Figure 9 Adjacent CA3b pyramidal cells can exhibit dramatically different thorn densities. A: Pseudocolored confocal maximum projection showing GFP-labeling in the hippocampus of a control Thy1-GFP-expressing mouse. Dentate granule cells (dg) and CA1 pyramidal (more ...)
Figure 10 The density of thorns along different branches of the same dendritic tree is highly correlated. Images show neuronal reconstructions of two different pyramidal cells, one with a high density of thorns (top, control) and one with low density (bottom, 3M (more ...)
Status epilepticus does not alter the distribution of GFP expressing cells
In the present study, CA3 pyramidal cells were labeled using the Thy1-GFP mouse line. Previous studies of hippocampal granule cells suggest that seizures do not alter the pattern of GFP labeling in these animals (Danzer and McNamara, 2004
; Walter et al., 2007
; Danzer et al., 2009
). To insure that this was also true for CA3 pyramidal cells, we examined the number and distribution of labeled cells in these animals. Counts of GFP-expressing CA3b pyramidal cells in dorsal hippocampus revealed a non-significant decrease in pilocarpine-treated animals relative to controls (control, 0.42±0.08 GFP-expressing pyramids/hippocampus; 1M SE, 0.34±0.13; 3M SE, 0.33±13; P=0.350, ANOVA on ranks), as would be expected given the well-established sensitivity of pyramidal cells to seizure-induced death (Shibley and Smith, 2002
; Borges et al., 2003
). The data suggests the perhaps as many as 20% of GFP expressing CA3 pyramidal cells are lost following pilocarpine treatment (note that due to the low density of GFP expressing pyramids – perhaps 1% – detecting such a small change would require a prohibitively large number of animals. Thus, the negative finding here should be interpreted cautiously). Most importantly for the present study, the predicted direction and small size of the change suggests that seizure activity is not dramatically altering GFP expression (e.g. a two-fold increase would be readily detectable with >80% statistical power).

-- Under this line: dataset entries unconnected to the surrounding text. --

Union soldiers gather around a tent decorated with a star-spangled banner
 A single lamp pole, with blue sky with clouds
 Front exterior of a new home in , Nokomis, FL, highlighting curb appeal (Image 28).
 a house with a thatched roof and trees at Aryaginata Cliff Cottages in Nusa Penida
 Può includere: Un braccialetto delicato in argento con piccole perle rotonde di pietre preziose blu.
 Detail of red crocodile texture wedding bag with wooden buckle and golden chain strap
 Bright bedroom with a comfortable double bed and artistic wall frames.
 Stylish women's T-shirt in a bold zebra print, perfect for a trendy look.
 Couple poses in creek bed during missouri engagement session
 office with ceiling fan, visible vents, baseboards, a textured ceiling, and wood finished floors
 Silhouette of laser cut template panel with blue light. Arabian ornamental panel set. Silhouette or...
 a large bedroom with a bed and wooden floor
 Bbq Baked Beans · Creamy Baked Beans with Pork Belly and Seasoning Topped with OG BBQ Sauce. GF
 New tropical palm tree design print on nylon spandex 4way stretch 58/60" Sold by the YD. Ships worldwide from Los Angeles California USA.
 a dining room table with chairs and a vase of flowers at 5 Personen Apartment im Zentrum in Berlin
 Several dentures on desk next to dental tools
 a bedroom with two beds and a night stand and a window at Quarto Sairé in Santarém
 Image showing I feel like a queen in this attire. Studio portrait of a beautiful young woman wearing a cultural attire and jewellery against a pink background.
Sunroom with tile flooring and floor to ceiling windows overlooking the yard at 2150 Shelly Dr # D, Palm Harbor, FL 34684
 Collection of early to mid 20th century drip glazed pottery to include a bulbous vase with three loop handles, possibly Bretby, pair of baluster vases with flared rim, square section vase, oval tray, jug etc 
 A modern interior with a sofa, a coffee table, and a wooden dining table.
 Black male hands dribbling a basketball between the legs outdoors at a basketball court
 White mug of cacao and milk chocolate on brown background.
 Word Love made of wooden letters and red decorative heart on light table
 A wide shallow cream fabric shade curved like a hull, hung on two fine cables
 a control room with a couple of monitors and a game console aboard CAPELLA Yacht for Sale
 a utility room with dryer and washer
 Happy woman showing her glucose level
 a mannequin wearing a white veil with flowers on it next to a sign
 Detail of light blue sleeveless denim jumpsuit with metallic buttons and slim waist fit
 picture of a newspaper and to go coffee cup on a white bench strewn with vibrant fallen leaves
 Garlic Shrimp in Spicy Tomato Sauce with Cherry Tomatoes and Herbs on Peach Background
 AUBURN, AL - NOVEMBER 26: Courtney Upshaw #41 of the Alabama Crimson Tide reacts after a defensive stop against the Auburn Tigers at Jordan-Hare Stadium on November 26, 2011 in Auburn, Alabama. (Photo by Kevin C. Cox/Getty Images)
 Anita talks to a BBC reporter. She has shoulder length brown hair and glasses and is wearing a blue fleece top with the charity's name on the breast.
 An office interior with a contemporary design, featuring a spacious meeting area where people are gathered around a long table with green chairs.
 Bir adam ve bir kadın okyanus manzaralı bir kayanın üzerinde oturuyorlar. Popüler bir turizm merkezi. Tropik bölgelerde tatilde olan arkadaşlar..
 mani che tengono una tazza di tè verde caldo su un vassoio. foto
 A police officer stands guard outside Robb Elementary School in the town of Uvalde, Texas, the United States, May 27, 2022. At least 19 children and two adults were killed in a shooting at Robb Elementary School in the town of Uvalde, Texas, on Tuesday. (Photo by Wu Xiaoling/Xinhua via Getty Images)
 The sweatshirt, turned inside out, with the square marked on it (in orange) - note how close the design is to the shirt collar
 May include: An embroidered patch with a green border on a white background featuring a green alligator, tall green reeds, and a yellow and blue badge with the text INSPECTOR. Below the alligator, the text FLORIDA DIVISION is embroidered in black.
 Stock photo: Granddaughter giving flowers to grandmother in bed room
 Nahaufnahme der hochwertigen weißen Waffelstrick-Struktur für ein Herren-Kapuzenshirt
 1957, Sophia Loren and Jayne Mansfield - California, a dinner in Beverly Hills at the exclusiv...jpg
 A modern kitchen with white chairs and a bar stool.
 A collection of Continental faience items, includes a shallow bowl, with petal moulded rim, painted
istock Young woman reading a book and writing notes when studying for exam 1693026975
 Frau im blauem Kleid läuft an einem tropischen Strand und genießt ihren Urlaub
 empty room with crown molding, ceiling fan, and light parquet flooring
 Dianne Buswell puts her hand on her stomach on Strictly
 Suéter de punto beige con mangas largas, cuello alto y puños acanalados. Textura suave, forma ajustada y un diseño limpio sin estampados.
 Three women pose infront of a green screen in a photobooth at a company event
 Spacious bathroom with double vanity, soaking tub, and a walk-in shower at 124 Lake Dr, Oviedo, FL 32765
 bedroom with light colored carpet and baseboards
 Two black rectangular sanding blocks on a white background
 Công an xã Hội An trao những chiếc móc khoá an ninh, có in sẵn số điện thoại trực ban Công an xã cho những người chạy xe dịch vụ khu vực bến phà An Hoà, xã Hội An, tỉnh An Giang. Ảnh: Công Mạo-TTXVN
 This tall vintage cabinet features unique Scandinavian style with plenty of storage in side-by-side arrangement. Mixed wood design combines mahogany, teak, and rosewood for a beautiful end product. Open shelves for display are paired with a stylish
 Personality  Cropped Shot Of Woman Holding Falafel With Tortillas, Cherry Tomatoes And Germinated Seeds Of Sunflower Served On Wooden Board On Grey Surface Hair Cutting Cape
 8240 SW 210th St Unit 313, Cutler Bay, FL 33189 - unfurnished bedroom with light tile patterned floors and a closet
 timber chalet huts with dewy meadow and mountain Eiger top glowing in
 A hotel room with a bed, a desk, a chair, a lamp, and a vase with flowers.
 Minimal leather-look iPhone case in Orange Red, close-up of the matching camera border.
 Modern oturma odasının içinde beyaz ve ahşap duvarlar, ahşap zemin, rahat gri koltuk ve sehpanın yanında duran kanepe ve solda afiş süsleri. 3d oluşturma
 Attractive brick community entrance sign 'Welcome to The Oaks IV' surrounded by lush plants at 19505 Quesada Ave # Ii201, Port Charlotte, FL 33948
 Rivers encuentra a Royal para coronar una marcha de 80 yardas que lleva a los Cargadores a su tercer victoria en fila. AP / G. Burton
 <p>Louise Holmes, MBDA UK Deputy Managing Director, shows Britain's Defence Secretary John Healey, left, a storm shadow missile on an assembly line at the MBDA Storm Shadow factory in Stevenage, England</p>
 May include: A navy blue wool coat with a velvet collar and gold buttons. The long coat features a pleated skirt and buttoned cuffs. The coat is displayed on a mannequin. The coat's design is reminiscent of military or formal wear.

As an additional measure to insure against the possibility of bias introduced by changes in GFP expression, the regional distribution of pyramidal cells used for thorn density counts was examined. Pyramidal cells were found at equivalent bregma coordinates (control, −2.39±0.04; 1M SE, −2.28±0.08; 3M SE, −2.34±0.07; P=0.43, ANOVA), equivalent distances from the granule cell layer (control, 544±31 μm; 1M SE, 506±38 μm; 3M SE, 549±47 μm; P=0.695, ANOVA) and equivalent depths with the pyramidal cell layer (control, 45.0±4.6%; 1M SE, 42.2±5.0%; 3M SE, 43.5±6.0%; P=0.898, Kruskal-Wallis rank sum test; values were normalized by dividing the distance of the soma from stratum lucidum by the total thickness of the pyramidal cell layer, and are expressed as percentages). In summary, although selective cell loss could contribute to the current findings; similar number and distribution of GFP labeled cells in control and treated animals supports the conclusion that Thy1 driven GFP expression is a reliable and consistent marker of CA3 pyramidal cells.